In the special case (Fig. 6), the worm gear according to the invention has a worm 1 with a pitch diameter d = 24 mm and module m = 2 mm, which has cutouts in the bottom of the worm rebate thread 8, forming flexible ribs 7 arranged on circles with an inclination angle β = 0 °. The helix angle γ ^ of the helix 15 on the roll bottom cylinder is equal to 5.95 °.
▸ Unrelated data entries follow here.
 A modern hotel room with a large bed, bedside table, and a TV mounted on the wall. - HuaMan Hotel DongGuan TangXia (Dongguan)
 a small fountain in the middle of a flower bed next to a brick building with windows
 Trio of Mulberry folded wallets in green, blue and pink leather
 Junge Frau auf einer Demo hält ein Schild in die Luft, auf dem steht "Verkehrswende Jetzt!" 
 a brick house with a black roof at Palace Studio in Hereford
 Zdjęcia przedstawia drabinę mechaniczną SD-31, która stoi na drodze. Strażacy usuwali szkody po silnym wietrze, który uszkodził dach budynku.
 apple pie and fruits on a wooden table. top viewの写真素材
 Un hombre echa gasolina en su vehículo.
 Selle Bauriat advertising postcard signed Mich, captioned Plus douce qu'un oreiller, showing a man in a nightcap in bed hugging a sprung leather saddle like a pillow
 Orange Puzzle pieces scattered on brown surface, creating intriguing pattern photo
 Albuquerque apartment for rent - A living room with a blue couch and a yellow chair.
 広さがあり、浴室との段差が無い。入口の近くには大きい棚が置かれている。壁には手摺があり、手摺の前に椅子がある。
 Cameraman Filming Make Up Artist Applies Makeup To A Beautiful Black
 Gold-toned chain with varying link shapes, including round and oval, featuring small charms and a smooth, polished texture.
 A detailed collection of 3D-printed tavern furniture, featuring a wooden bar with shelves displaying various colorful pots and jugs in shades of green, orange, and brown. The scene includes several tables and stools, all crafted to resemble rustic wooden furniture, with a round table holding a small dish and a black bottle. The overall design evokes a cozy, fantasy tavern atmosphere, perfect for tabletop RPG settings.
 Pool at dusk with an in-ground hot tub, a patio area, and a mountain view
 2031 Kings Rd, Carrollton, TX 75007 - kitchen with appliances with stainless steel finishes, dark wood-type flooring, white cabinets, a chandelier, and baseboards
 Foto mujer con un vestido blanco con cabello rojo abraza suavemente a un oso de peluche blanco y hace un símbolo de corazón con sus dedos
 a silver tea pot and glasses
In a gear of this type, in order to improve its operating properties, it is advantageous to additionally modify the profile of the worm teeth. It consists in reducing the radius of curvature of the sides of the teeth, which increases their convexity. The introduction of such a modification helps to limit the local pressure concentrations in the meshing zone.

Claims (6)

1. Backlash-free worm gear, the worm of which has, at least in part of the length of its winding, an axial cavity with a diameter smaller than the diameter of the bottom of the grooves, the worm being slidably mounted on the driving pin and incorporating a sliding mechanism to ensure deformation by axial compression of the worm winding, characterized in that the screw 1 in the base of the bottom of the coils 14 has thin notches 8 forming flexible ribs 7, and the helix of the ribs are inclined at an angle of inclination β different from the sheer angle γ "of the helix 15 on the roll of the bottom of the coils 14, in the direction of the turn turns of the auger 12. 2. Backlash-free worm gear, the worm of which has, at least in part of the length of its winding, an axial cavity with a diameter smaller than the diameter of the bottom of the grooves, the worm being slidably mounted on the driving pin and includes a sliding mechanism to ensure deformation by axial compression of the worm winding, characterized in that the screw 1 in the base of the bottom of the turns 14 has thin notches 8 forming flexible ribs 7, and the helix of the ribs are inclined at an angle β of less than 0 °, i.e. opposite to the turning direction of the turns of the screw 12. 3. A gear according to claim 1, characterized in that the angle of inclination of the β-ribs with respect to the helix 15 on the bottom cylinder of the coils 14 is greater than zero and preferably less than twice the value of the sheer angle γ of the helix 15 on the bottom cylinder 14. 4. A gear according to claim 2, characterized in that the helix angle β of the ribs is negative and preferably its absolute value is smaller than the sheer angle γ ™ of the helix 15 on the roll bottom cylinder 14. 5. A gear according to claim 1 or 2, characterized in that the rib line has a zero rib angle β. The gear according to claim 1 or 2, characterized in that the thin slots 8 in the base of the bottom of the worms 14 are oblique or helical.